## Backprop history and importance: 

It was a common practice as late as 2016 to write your own backward pass instead of the autograd engine we use to call `loss.backward()`, which is why we will spend this lecture trying to get an intuitive sense of backprop by writing own own code to execute it. 

Essentially we will introduce many __intermediate variables__ to track the flow of gradients a bit like we did in autograd. 

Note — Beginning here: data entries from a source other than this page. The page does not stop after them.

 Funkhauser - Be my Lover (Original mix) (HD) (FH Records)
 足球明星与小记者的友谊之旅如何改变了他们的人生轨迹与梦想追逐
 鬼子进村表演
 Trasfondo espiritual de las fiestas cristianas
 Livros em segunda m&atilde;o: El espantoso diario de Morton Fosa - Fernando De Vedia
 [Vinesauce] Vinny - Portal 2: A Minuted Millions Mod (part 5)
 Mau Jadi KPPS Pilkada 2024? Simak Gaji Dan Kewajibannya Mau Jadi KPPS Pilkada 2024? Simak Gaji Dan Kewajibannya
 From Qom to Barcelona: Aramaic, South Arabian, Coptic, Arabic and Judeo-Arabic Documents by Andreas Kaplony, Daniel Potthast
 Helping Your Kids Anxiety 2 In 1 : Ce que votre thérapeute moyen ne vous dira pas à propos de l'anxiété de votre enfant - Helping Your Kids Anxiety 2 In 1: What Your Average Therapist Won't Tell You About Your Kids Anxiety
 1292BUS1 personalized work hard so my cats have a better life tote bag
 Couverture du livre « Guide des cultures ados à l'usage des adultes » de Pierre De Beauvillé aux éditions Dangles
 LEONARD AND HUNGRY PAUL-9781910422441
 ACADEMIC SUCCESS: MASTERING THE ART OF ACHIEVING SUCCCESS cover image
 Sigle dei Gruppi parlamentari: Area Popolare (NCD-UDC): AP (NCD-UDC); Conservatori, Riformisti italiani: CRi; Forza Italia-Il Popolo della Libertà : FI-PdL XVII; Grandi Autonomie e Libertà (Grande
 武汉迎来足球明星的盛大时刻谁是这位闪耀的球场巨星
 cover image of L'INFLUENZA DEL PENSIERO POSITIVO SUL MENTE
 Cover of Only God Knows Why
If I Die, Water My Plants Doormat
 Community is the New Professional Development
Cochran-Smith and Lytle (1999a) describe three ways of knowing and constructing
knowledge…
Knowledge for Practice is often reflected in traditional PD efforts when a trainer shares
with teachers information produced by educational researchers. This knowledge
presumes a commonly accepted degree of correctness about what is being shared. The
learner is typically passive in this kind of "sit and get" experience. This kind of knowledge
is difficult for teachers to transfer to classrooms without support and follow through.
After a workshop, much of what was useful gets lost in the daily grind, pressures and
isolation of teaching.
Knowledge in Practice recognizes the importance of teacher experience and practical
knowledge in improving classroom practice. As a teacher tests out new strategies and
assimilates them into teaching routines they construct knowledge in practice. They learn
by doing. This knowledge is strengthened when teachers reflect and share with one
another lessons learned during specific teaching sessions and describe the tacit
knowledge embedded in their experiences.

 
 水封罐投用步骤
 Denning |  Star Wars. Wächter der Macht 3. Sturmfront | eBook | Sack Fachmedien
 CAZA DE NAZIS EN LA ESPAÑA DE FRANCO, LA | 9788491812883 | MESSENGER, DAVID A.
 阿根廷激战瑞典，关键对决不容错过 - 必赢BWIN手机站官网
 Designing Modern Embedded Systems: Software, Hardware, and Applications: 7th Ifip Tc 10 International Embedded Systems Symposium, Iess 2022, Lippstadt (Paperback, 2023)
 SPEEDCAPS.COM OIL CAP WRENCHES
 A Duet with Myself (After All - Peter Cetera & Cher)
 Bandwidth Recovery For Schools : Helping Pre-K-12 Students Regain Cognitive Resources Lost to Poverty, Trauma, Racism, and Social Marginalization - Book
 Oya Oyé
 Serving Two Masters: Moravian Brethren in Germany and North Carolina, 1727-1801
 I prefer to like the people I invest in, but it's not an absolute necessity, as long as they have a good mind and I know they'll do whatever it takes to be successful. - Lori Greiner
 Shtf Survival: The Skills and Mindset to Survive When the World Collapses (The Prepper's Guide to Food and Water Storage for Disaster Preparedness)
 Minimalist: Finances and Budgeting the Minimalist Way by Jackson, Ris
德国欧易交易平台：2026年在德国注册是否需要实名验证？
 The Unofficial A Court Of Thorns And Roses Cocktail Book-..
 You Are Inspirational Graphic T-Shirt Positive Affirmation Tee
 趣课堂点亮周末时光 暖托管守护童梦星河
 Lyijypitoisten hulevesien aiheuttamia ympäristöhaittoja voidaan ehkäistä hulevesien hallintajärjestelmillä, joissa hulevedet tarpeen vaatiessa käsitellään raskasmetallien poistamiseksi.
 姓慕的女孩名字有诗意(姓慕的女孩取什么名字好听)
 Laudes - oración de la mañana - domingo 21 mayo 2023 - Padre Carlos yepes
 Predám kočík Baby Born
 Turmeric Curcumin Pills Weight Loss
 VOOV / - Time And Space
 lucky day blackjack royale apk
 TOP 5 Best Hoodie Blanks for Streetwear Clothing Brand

We will also __revert__ to our simple model of neural network with only a __single hidden layer__. 

In [1]:
import torch
import torch.nn.functional as F
import matplotlib.pyplot as plt # for making figures
%matplotlib inline

from aux_files import Linear, Tanh, BatchNorm1d

In [2]:
words = open('names.txt', 'r').read().splitlines()

In [3]:
allchars = sorted(set(''.join(words)))

stoi = {s:i+1 for i,s in enumerate(allchars) }
stoi['.'] = 0

itos = {i:s for s,i in stoi.items()}
vocab_size = len(stoi)

In [4]:
# build the dataset
block_size = 3 # context length: how many characters do we take to predict the next one?

def build_dataset(words):  
  X, Y = [], []
  
  for w in words:
    context = [0] * block_size
    for ch in w + '.':
      ix = stoi[ch]
      X.append(context)
      Y.append(ix)
      context = context[1:] + [ix] # crop and append

  X = torch.tensor(X)
  Y = torch.tensor(Y)
  print(X.shape, Y.shape)
  return X, Y

import random
random.seed(42)
words_shuffled = words[:]  # shallow copy -- to preserve across runs
random.shuffle(words_shuffled)
n1 = int(0.8*len(words_shuffled))
n2 = int(0.9*len(words_shuffled))

Xtr,  Ytr  = build_dataset(words_shuffled[:n1])     # 80%
Xdev, Ydev = build_dataset(words_shuffled[n1:n2])   # 10%
Xte,  Yte  = build_dataset(words_shuffled[n2:])     # 10%

torch.Size([182625, 3]) torch.Size([182625])
torch.Size([22655, 3]) torch.Size([22655])
torch.Size([22866, 3]) torch.Size([22866])


Done with boilerplate init code, now to more concrete stuff. 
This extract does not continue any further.